> **The problem**
These records contain pictures, which must be left out; copy exactly the lines from the one with "Coachmen Catalina SBX 261BH floor plan" up to and including the one with "Undercover x GU".

(Beginning of Information provided)

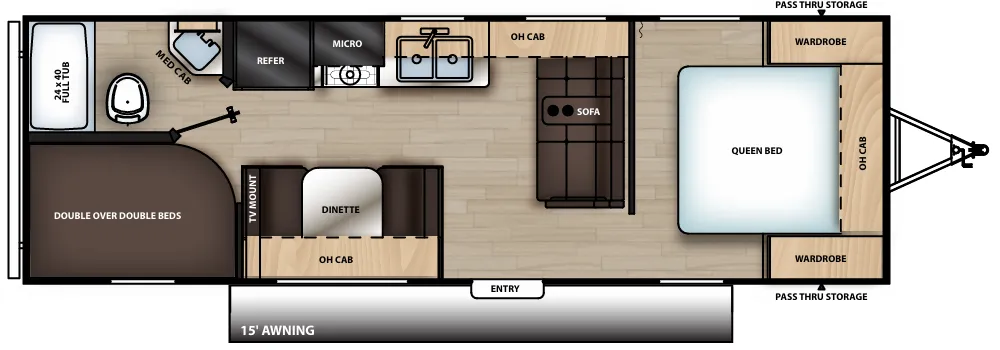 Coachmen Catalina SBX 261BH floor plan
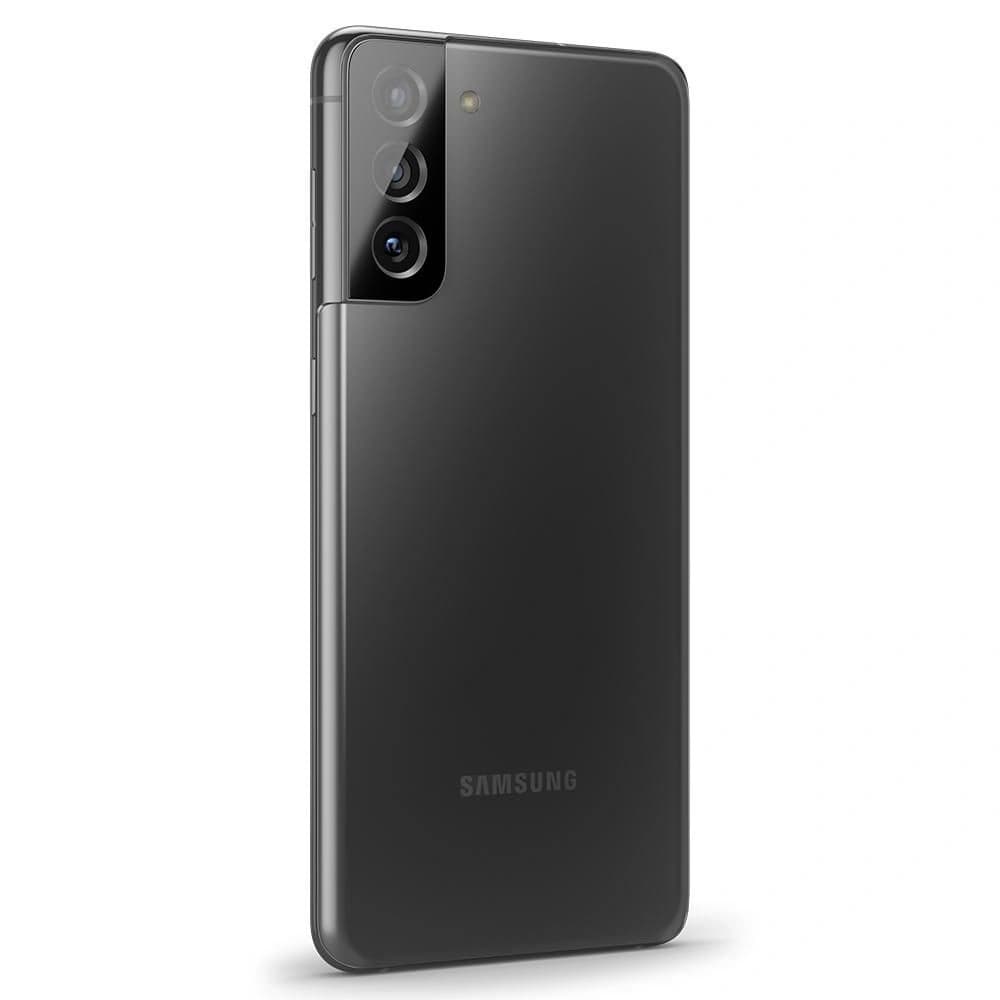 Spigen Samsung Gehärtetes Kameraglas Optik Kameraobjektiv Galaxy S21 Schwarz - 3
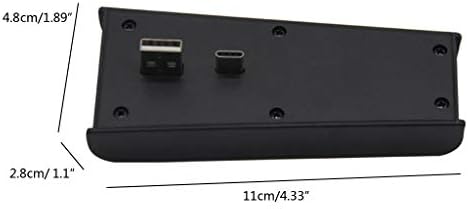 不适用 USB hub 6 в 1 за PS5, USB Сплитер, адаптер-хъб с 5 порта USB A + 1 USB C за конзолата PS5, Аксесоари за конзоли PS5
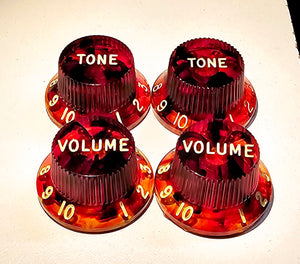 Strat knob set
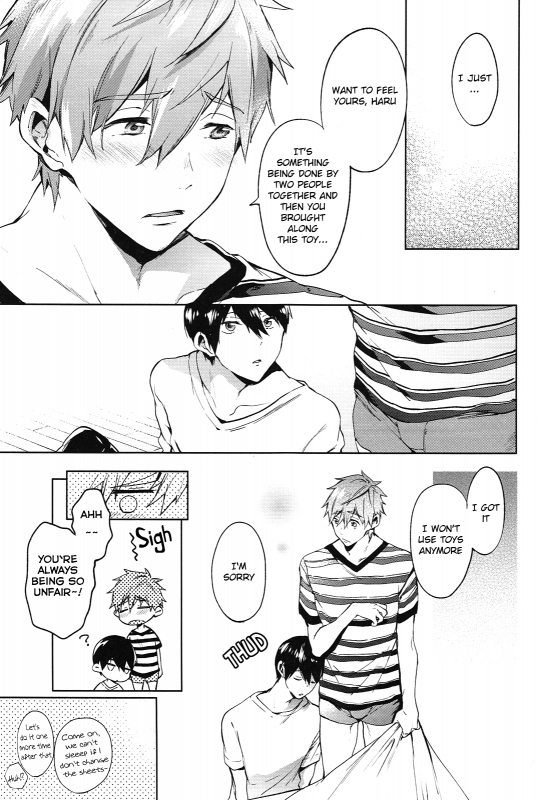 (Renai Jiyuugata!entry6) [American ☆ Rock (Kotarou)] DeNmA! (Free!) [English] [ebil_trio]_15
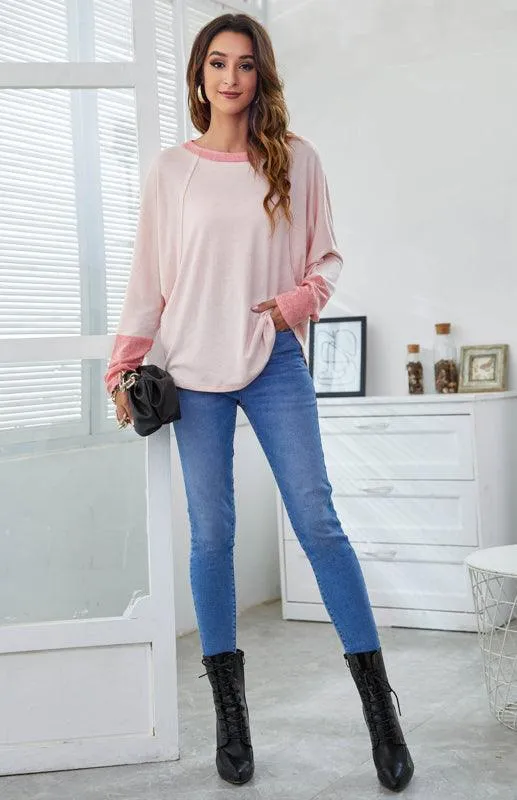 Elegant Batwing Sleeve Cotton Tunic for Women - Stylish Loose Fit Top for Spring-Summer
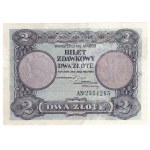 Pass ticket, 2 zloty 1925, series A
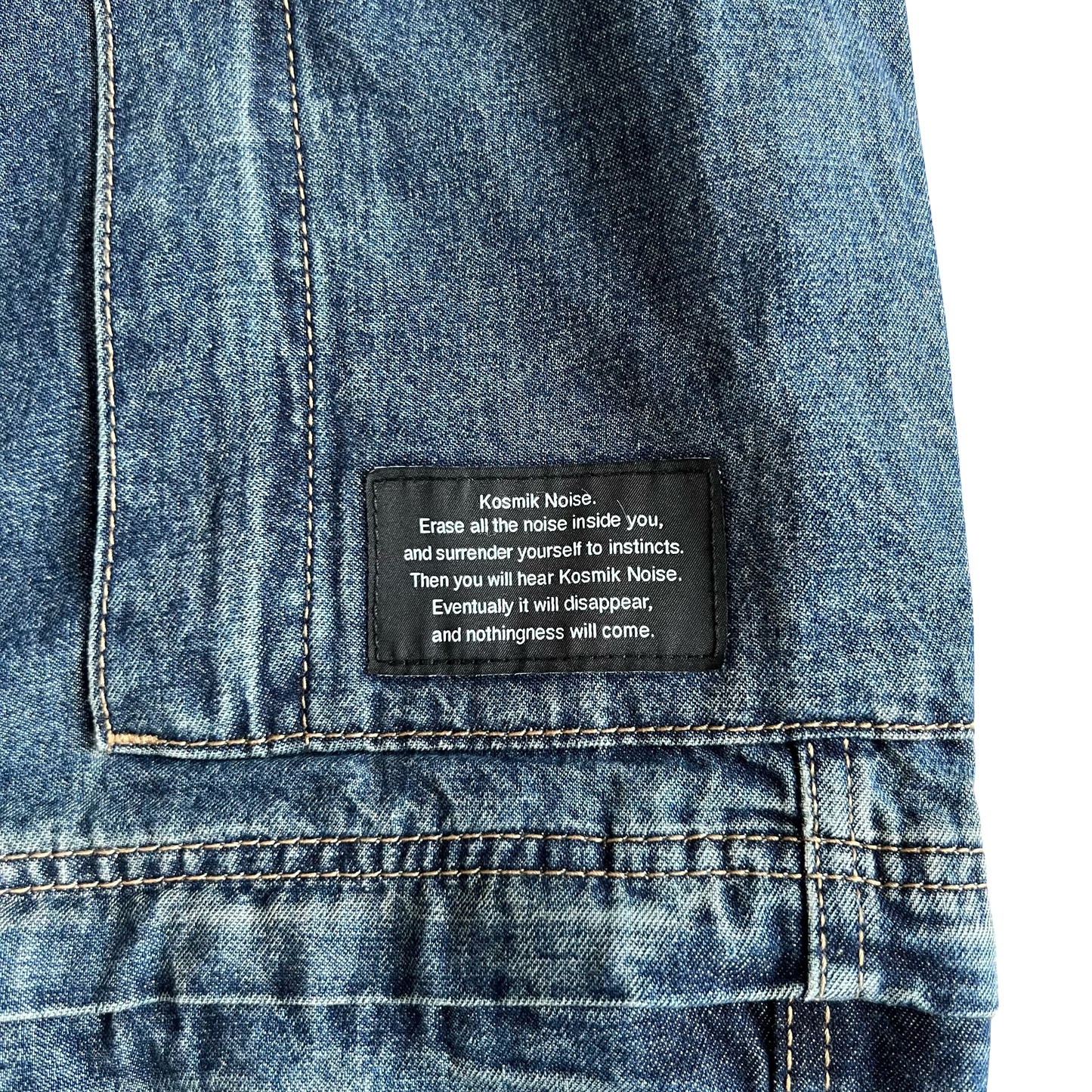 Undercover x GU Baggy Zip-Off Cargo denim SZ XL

(End of Information provided)
(Beginning of Information provided)

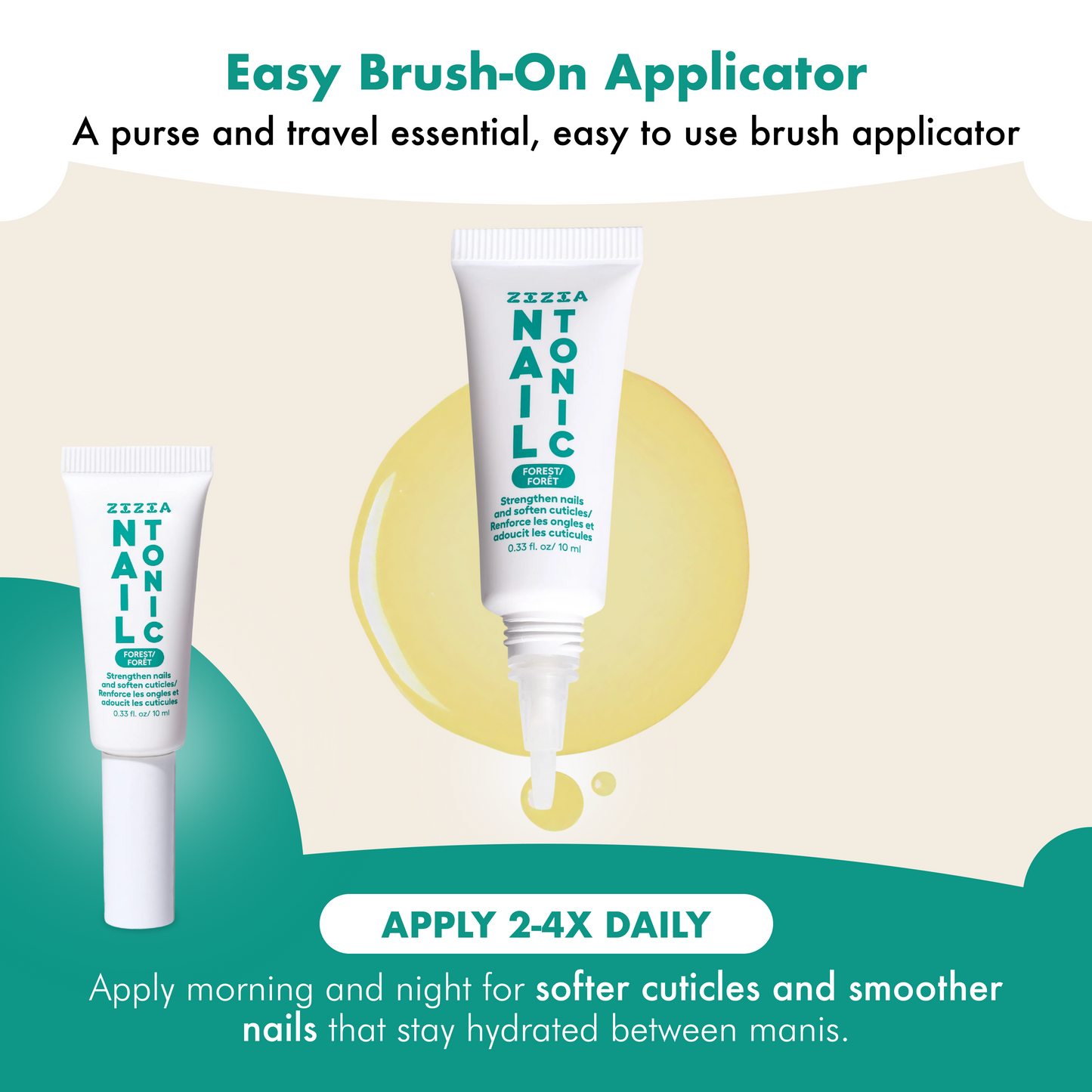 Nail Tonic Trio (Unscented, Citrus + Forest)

(End of Information provided)

> **Solution for this exercise**
 Coachmen Catalina SBX 261BH floor plan
 Spigen Samsung Gehärtetes Kameraglas Optik Kameraobjektiv Galaxy S21 Schwarz - 3
 不适用 USB hub 6 в 1 за PS5, USB Сплитер, адаптер-хъб с 5 порта USB A + 1 USB C за конзолата PS5, Аксесоари за конзоли PS5
 Strat knob set
 (Renai Jiyuugata!entry6) [American ☆ Rock (Kotarou)] DeNmA! (Free!) [English] [ebil_trio]_15
 Elegant Batwing Sleeve Cotton Tunic for Women - Stylish Loose Fit Top for Spring-Summer
 Pass ticket, 2 zloty 1925, series A
 Undercover x GU Baggy Zip-Off Cargo denim SZ XL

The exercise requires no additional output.